Postgres for an Oracle DBA

Postgres for an Oracle DBA

An Introduction to Postgres for Oracle DBAs

David Bergmeier, Senior Database Consultant MGA

Introduction

This article seeks to introduce Postgres to the Oracle DBA. I will attempt to describe Postgres features using Oracle concepts and terminology. We will only consider the main community edition of Postgres – the free, open source one.

For a much closer Oracle experience with Postgres, have a look at Enterprise DB. Their version of Postgres has an Oracle compatibility layer that provides many features so that Oracle data and code (packages, procedures, triggers, etc.) can be easily converted. They also provide paid support options (for both EDB and the free Postgres) so arguments for not moving to Postgres due to “lack of support” are no longer valid.

Linux Operating System

Oracle only supports a limited number of Linux distributions, and in my experience, RedHat is the most commonly used. I will make a grand assumption that most Oracle DBAs working on Linux will be familiar with RedHat (RHEL-6 or RHEL-7). I will tend to favour RHEL-6. So if you’re an Oracle DBA looking to learn some Postgres, do yourself a favour and learn on a distro you’re already familiar with.

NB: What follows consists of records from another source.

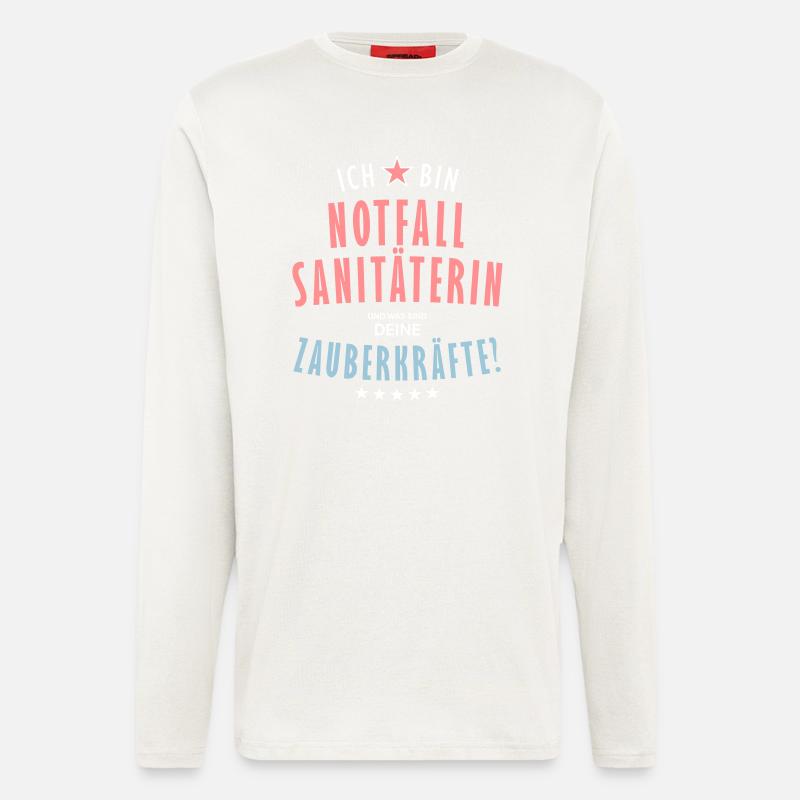 Notfallsanitäterin Beruf - Geschenk - Langarmshirt - made by SPREAD  - OFF WHITE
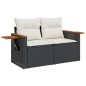 vidaXL 8-tlg. Garten-Sofagarnitur mit Kissen Schwarz Poly Rattan vidaXL 8-tlg. Garten-Sofagarnitur mit Kissen Schwarz Poly Rattan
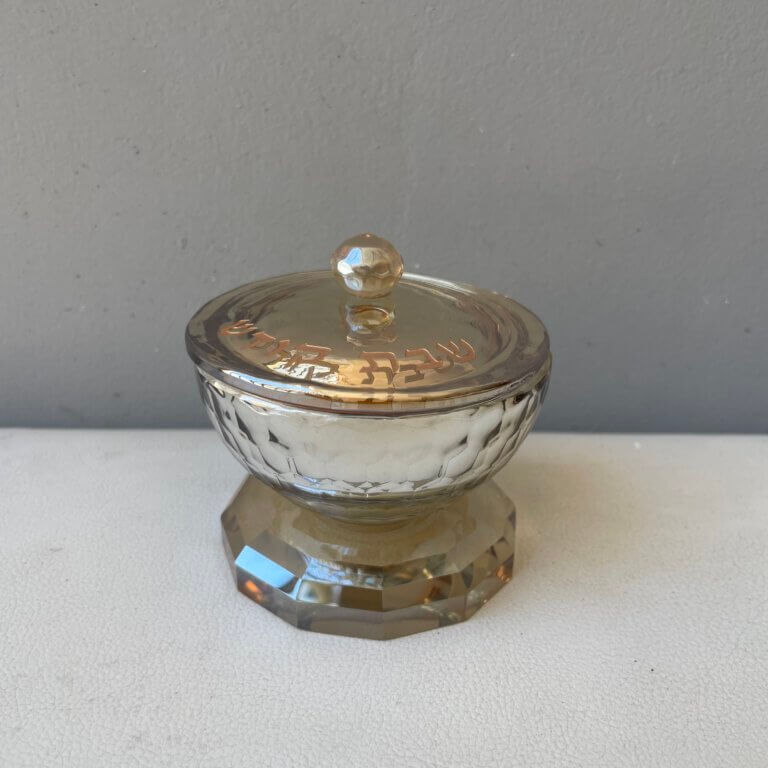 מלחייה קריסטל כסף ״דגם כדור״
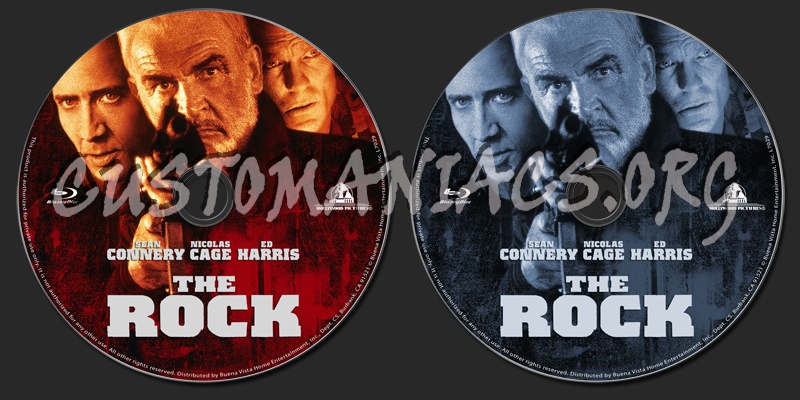 The Rock blu-ray label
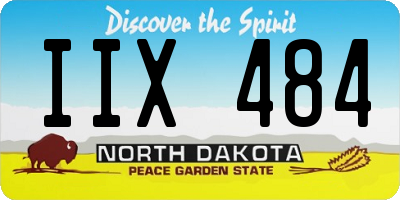 ND license plate IIX484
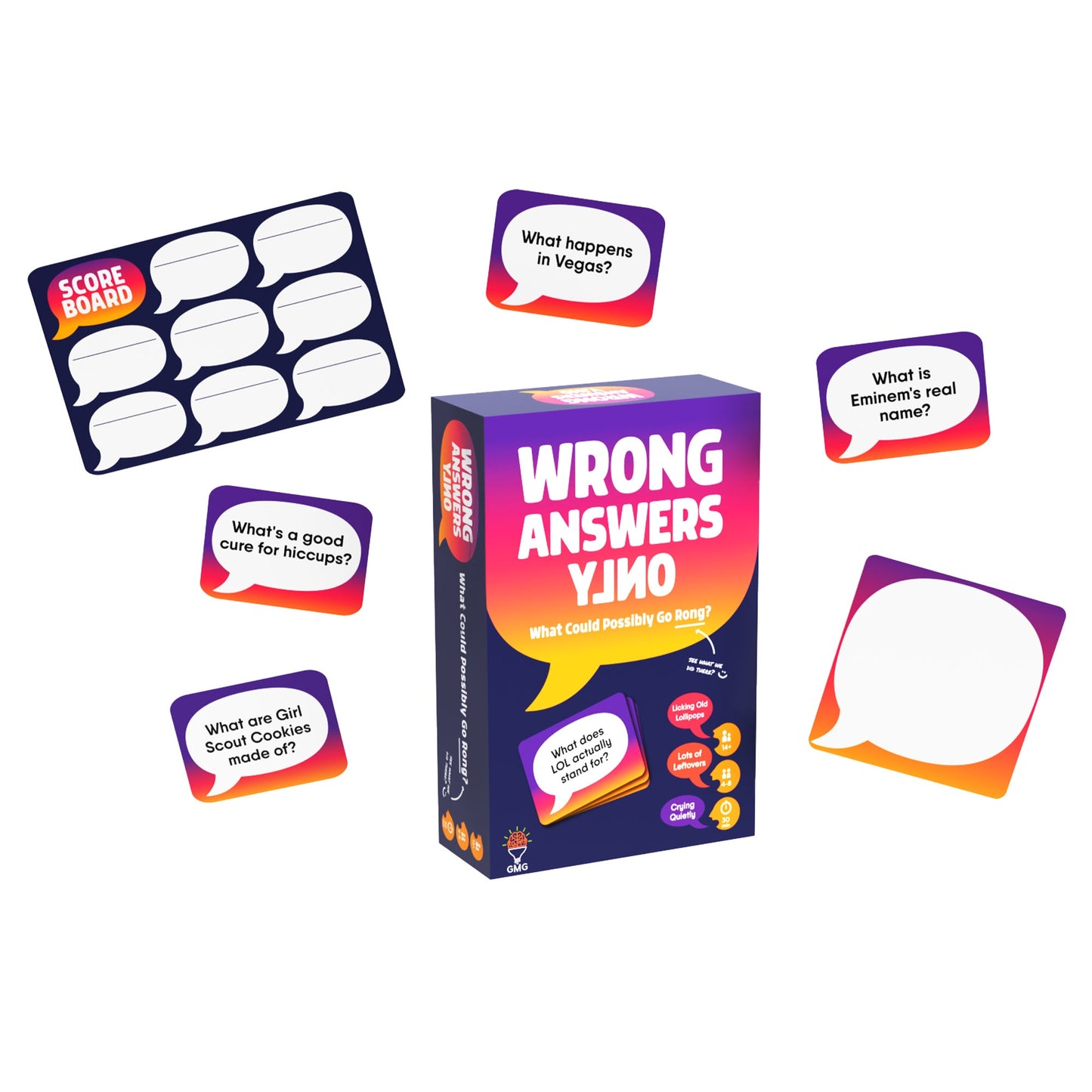 Wrong Answers Only Party Game - Trò Chơi Board Game Tiệc Tùng - Gray Matters Games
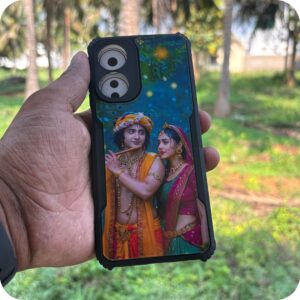 Krishnar and Radhai premium acrylic case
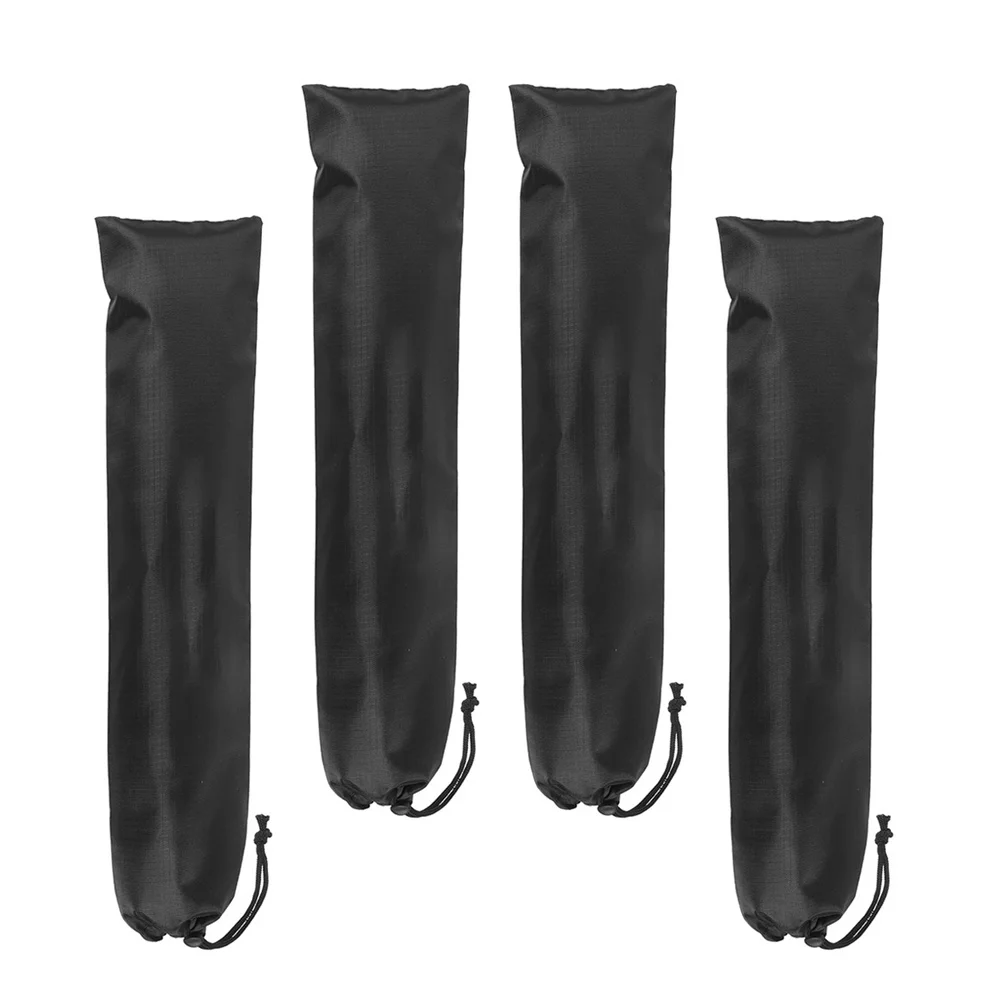 

4Pcs Outdoor Tent Pole Carrying Bag Trekking Pole Storage Waterproof Wear-Resistant Fishing Rod Pouch Storage Bag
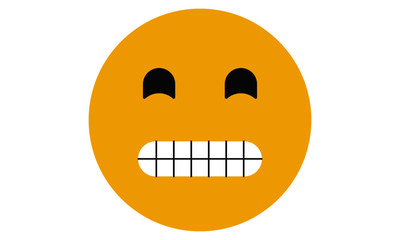 Grinning Face Emoji vector illustration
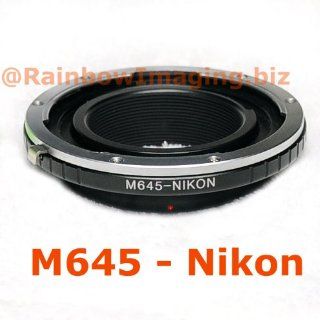 RainbowImaging Pro Mamiya 645 lens to Nikon camera adapter  Camera & Photo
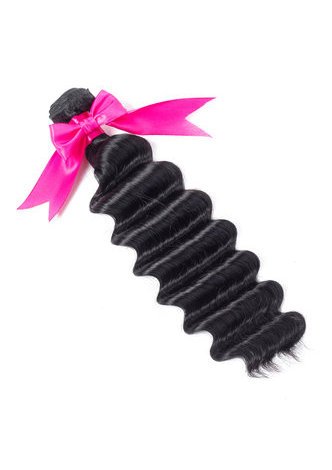 Tissage profond lâche de 100g 1pc 8 ~ 30 pouces de cheveux humains vierges péruviens de Vierge
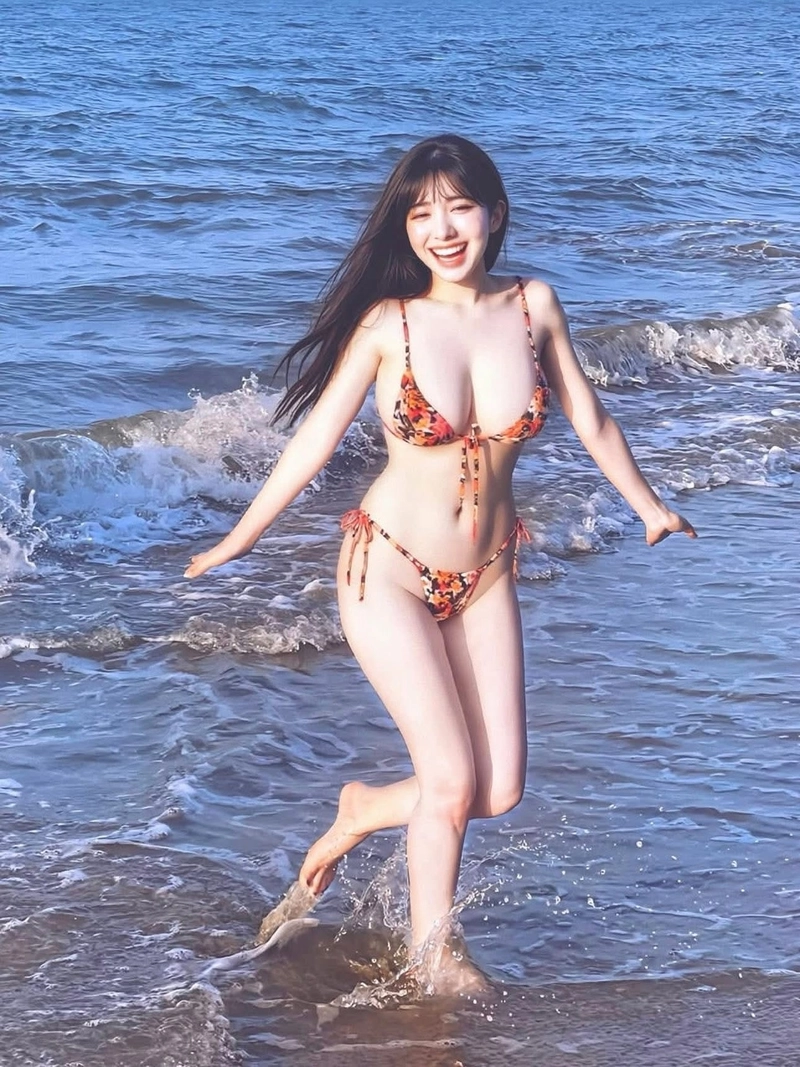 gái xinh mặc bikini nhỏ idol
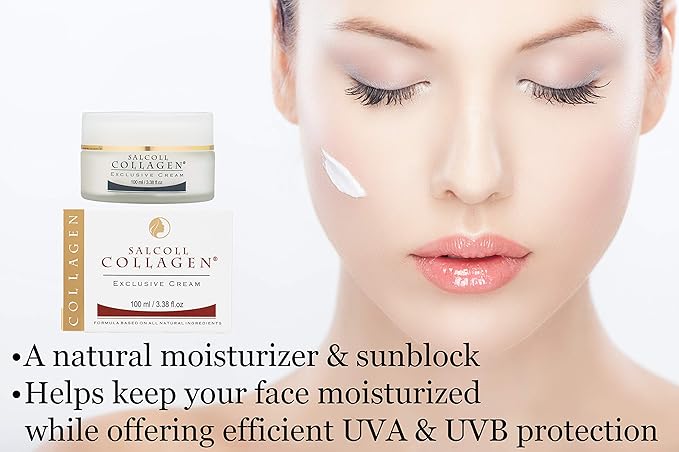 Collagen - Anti-Aging Marine Collagen Face Cream - Firming Moisturizer for Fine Lines & Wrinkles, Day & Night Treatment, All Skin Types, 100 ml. Jar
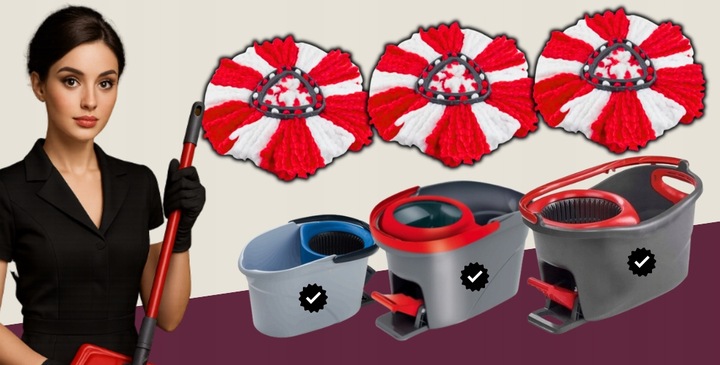 6x WKŁAD DO MOPA OBROTOWEGO VILEDA TURBO ZAPAS KOŃCÓWKA NOWY MEGA CHŁONNY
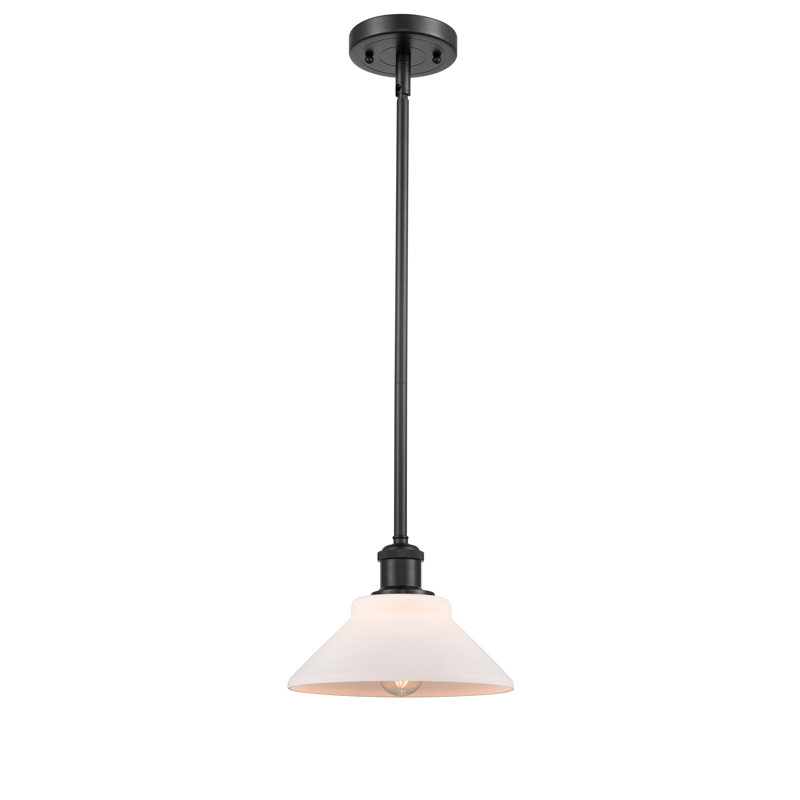 Luminaire suspendu conique 1 lumière Newton St Loe, Blanc mat, Noir mat, Ampoule non incluse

Postgres supports a much wider range of Linux distributions so it’s not unusual to see Ubuntu, Debian or FreeBSD. This article uses examples from Centos 6 to keep things familiar.

If you’re just starting out, I suggest you grab a copy of Oracle VirtualBox and setup a Centos 6 or 7 virtual machine. Postgres can run adequately (for learning) on a VM with as little as 1GB of RAM.

Software owner

Oracle is usually installed under a Linux account called “oracle” (ignoring databases running SAP systems) with primary group “oinstall”.

Postgres is usually installed under a Linux account called “postgres” with a primary group also called “postgres”. Bear in mind, the startup scripts assume this owner/group and don’t change the primary group to something else, like “dba”.

Installation directory

There’s a long tradition of installing Oracle into /u01/app/oracle/product//

Postgres traditionally goes into /var/lib/postgres
However, most RedHat (or similar) implementations I’ve seen generally use a site standard directory like /data or /app instead.

Home Directory

The Oracle installation procedure requires the “oracle” account to be created and the software is installed as “oracle”. Most sites will end up with the oracle account having a default home directory of /home/oracle

Postgres is often installed as root with a package manager (e.g. yum) which creates the postgres Linux account. This means the home directory is frequently /var/lib/postgres also.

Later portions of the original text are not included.